The Research Center for Magnetic and Spintronic Materials (CMSM) conducts comprehensive research from the fundamentals to applications of magnetic and spintronics materials, which are essential for next-generation information devices and a green energy society. The center aims to pioneer new functions in conventional magnetic materials and to create state-of-the-art materials and novel devices that drive information and energy conversion, including high-performance magnets, magnetic recording technologies, non-volatile memory, spin and heat flow control, and spin caloritronics.
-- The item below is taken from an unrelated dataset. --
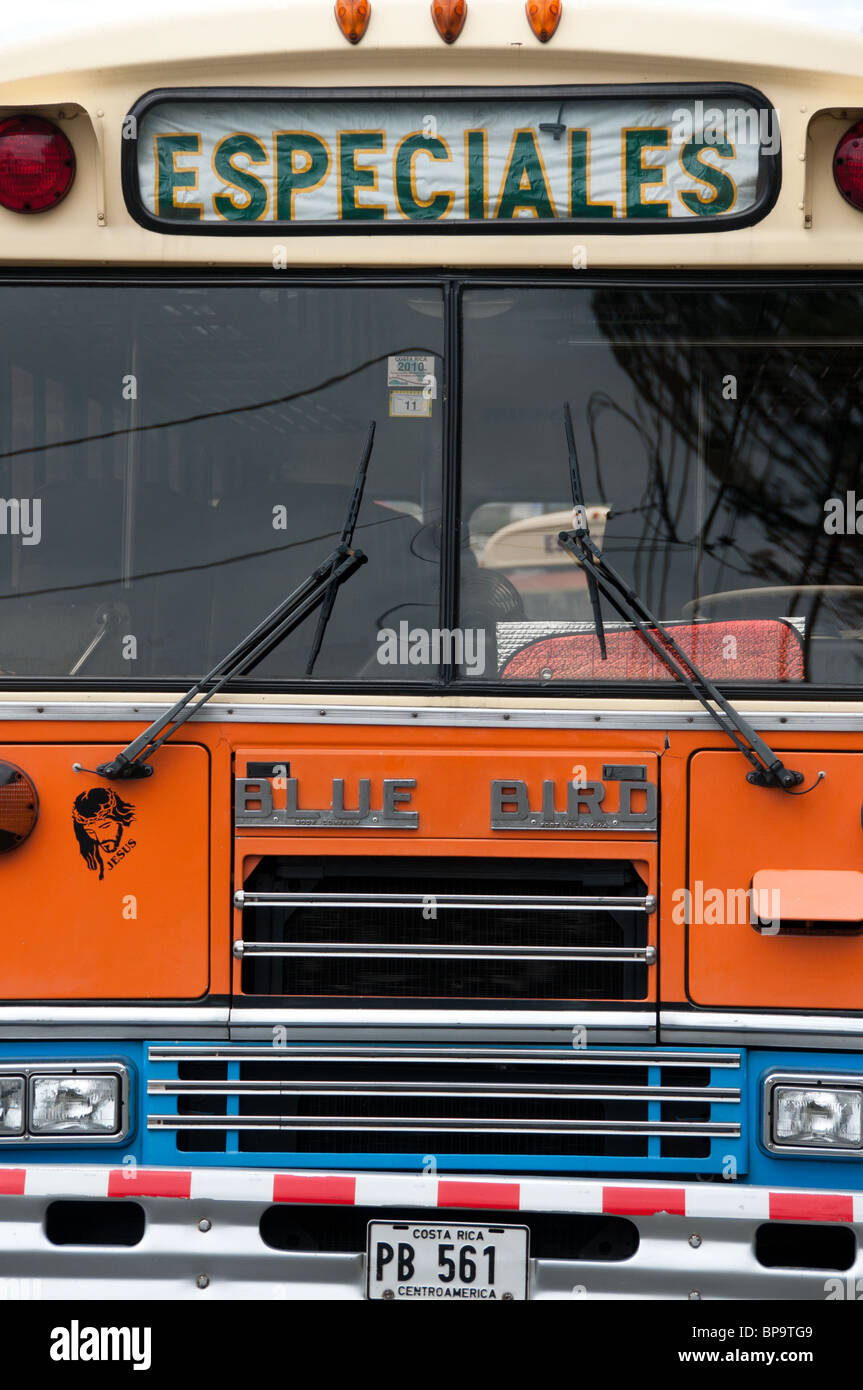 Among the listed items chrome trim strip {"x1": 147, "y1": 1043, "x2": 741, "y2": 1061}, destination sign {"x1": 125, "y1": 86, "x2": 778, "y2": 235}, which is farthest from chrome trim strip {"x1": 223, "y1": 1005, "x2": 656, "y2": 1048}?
destination sign {"x1": 125, "y1": 86, "x2": 778, "y2": 235}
By fusing trans-scale material science—incorporating data science, AI, micromagnetics calculations, material processing, advanced structural analysis, and first-principles calculations—they advance research balancing both practical and academic value.

- Director
- TAKAHASHI, Yukiko


The center’s groups are interconnected, integrating material development, theoretical guidance, device application, and data-driven research to realize new physical phenomena and innovative functions, always aiming for innovation in information and energy fields through multidimensional collaboration and social/industrial deployment via projects and academia-industry partnerships
Each group within the center has distinct roles:
- Magnetic Functional Device Group

- Applied research on innovative magnetic devices and sensors, including half metals, in collaboration with the Materials Development Group for social implementation.
- Magnetic Recording Materials Group

- Develops materials and recording methods for ultra-high-density magnetic storage devices, utilizing data science and nano-analysis in next-generation media and exploring new principles like heat-assisted and multi-value recording.
- Spintronics Group

- Research on high-performance devices such as tunnel magnetoresistance elements using film technology and new materials, exchanging knowledge with the Spin Physics and Spin Theory Groups.
- Spin Physics Group
- Demonstrates spintronic phenomena in devices, including efficient magnetization switching and skyrmion phenomena, collaborating with the Energy Group to discover and functionalize new phenomena.
- Spin Caloritronics Group

- Focuses on spin caloritronics, integrating thermoelectric and heat transport with spin phenomena for energy conversion and control, working with the Spin Property and Device Groups to develop novel thermal control devices.
- Spin Theory Group

- Studies property theories using first-principles and machine learning, predicting finite-temperature properties, building material databases, and providing design guidelines in close partnership with the Spintronics and Device Groups.
- Green Magnetic Materials Group

- Designs permanent magnets, soft magnetic materials, and magnetic refrigeration materials while exploring sustainable materials through nano-analysis, data science, and simulations, collaborating with the Theory Group for performance improvement and new compound exploration.
- DXMag

- Promotes AI-driven research and device/material development for industrial application, facilitating rapid materials design and evaluation through collaboration with all center groups.